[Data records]
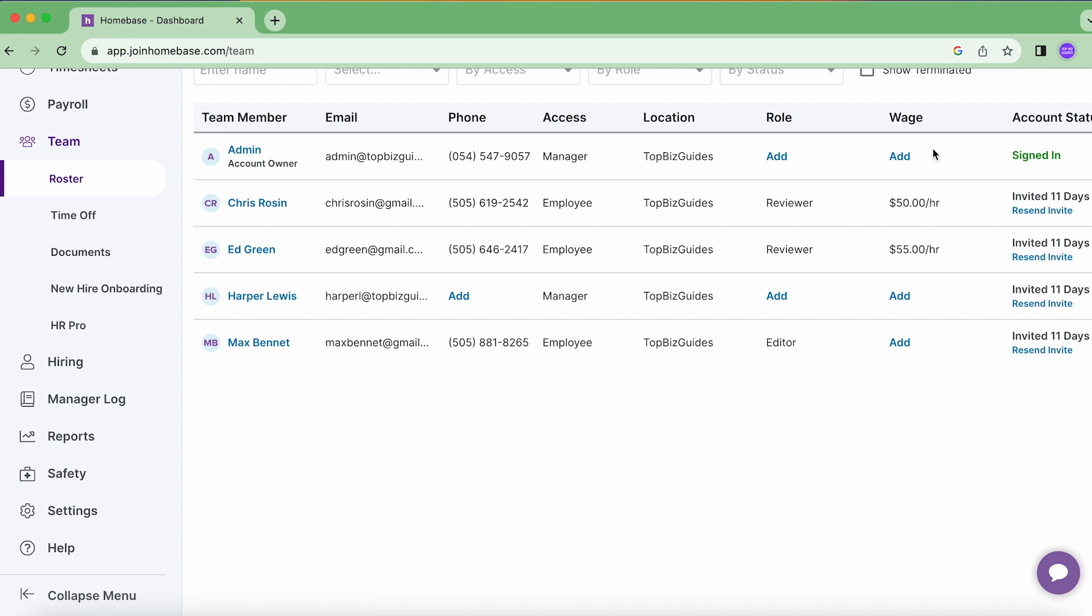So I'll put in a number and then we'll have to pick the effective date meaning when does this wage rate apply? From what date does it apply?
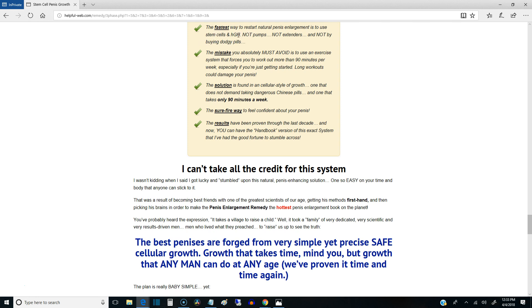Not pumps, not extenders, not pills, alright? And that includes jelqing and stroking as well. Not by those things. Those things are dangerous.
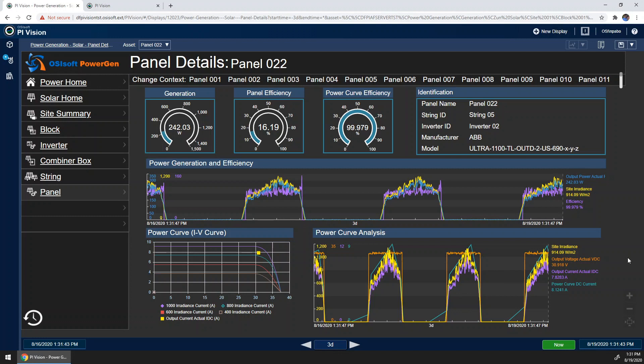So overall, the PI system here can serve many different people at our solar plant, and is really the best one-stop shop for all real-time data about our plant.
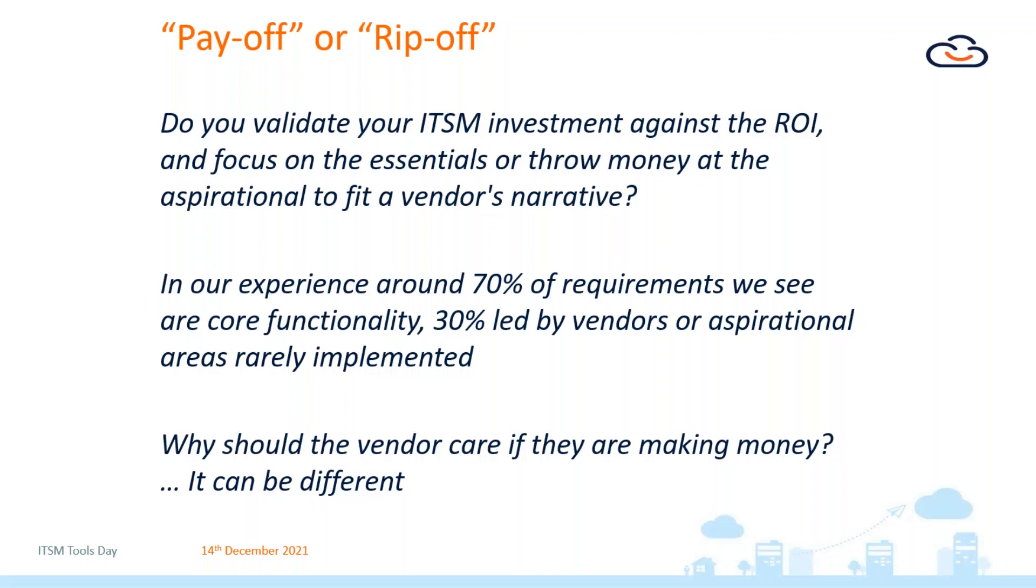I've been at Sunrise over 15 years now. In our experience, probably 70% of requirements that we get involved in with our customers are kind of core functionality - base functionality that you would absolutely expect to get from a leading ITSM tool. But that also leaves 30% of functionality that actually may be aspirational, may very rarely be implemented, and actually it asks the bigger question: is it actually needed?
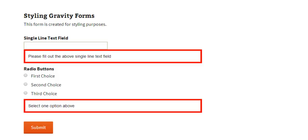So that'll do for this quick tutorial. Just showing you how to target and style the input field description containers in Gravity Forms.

==

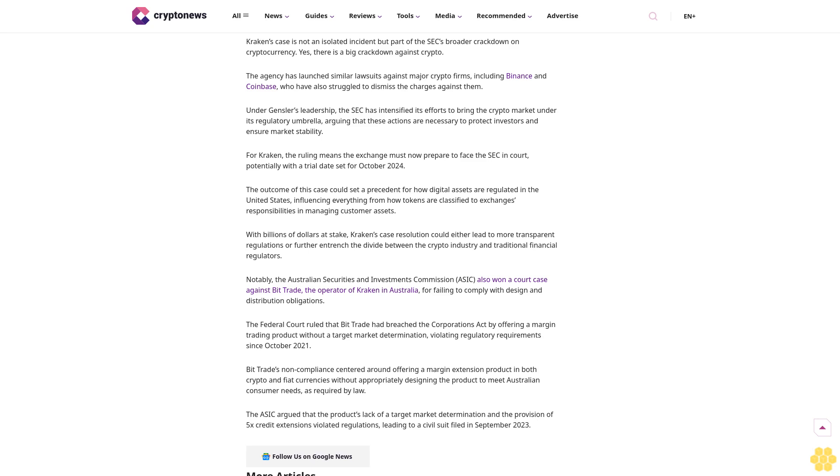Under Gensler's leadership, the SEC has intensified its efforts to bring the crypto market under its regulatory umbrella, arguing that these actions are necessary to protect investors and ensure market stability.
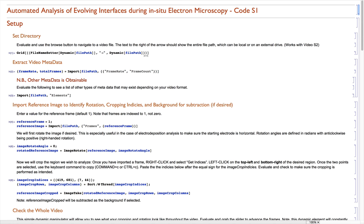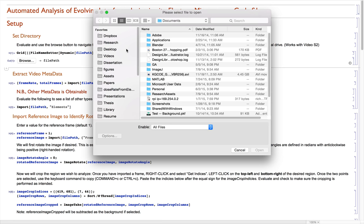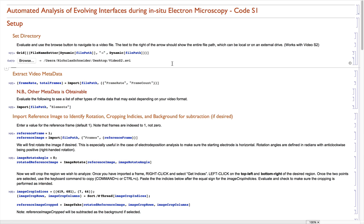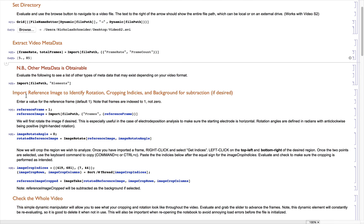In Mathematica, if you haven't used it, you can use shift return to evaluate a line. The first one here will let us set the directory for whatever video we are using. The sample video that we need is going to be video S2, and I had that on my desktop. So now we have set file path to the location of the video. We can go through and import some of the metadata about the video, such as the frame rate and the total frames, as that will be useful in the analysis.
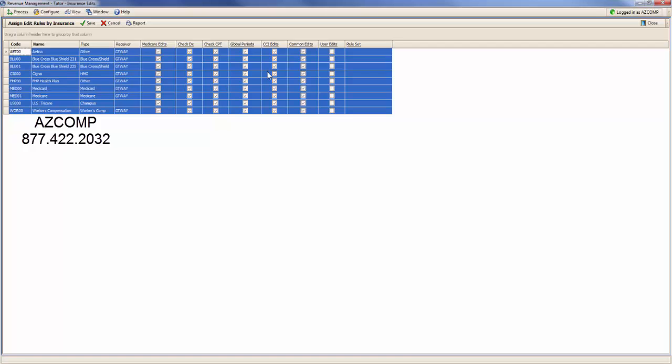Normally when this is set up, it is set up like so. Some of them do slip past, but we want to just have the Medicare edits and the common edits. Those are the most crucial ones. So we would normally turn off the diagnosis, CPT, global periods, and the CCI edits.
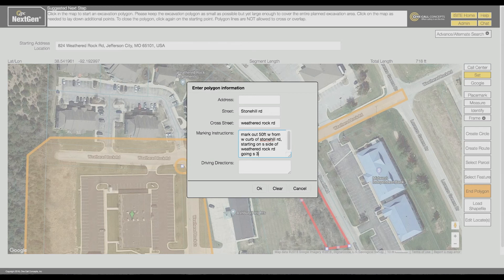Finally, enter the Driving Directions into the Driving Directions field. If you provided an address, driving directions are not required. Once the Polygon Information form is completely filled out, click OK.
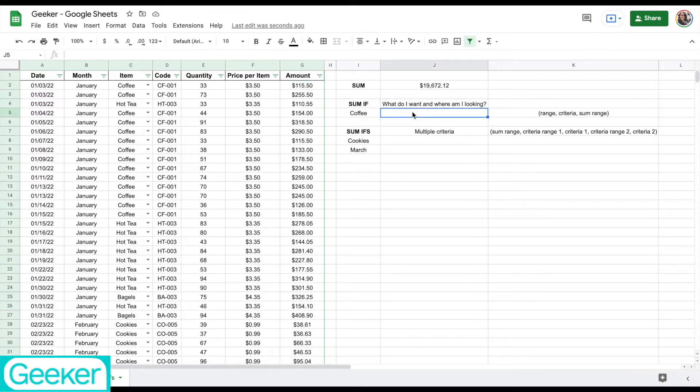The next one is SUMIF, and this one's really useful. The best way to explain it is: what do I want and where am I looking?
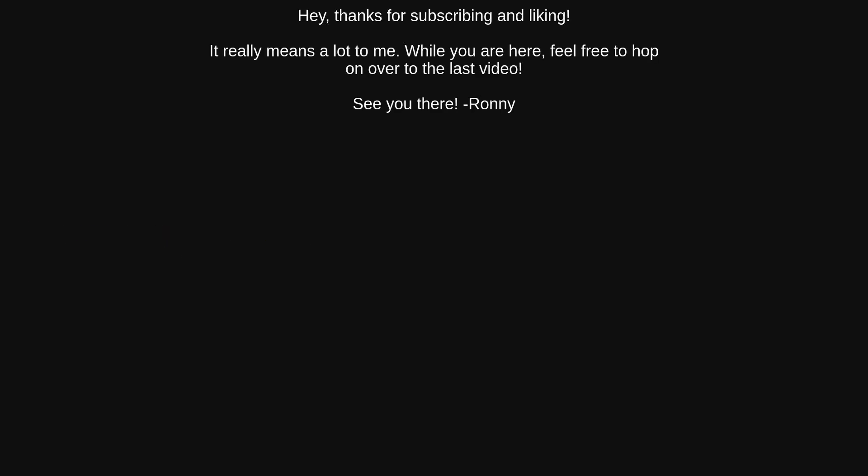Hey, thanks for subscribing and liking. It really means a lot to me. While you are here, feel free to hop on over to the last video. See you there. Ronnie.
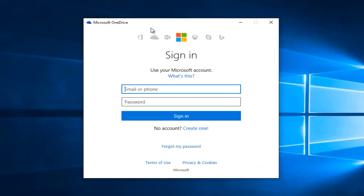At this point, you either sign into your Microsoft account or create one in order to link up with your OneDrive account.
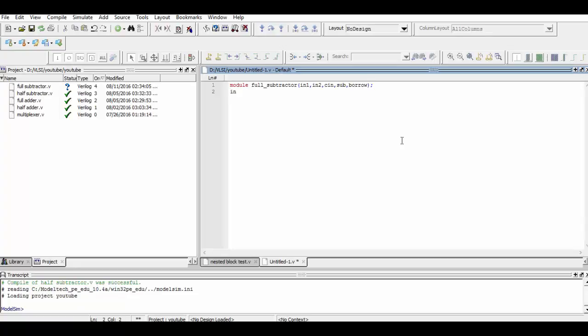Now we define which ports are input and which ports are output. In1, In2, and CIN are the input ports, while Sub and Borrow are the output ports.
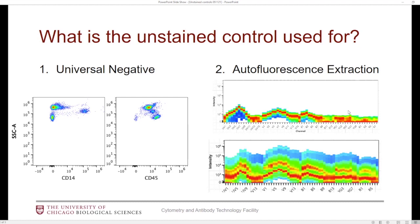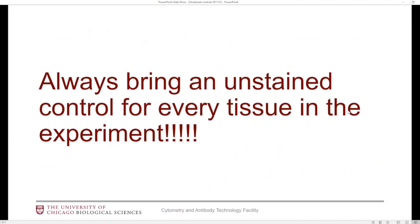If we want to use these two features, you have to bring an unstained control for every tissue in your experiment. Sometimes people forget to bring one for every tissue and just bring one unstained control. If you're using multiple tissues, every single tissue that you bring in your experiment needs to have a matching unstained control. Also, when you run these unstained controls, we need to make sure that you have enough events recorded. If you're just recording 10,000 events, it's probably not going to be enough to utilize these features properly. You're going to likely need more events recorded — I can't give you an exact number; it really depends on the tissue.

Task item: Once the line with "So I'll put" is found above, print it and every line after it through the line with "Not pumps, not", exactly. Pictures stay out.

Solution to the problem:
So I'll put in a number and then we'll have to pick the effective date meaning when does this wage rate apply? From what date does it apply?
Not pumps, not extenders, not pills, alright? And that includes jelqing and stroking as well. Not by those things. Those things are dangerous.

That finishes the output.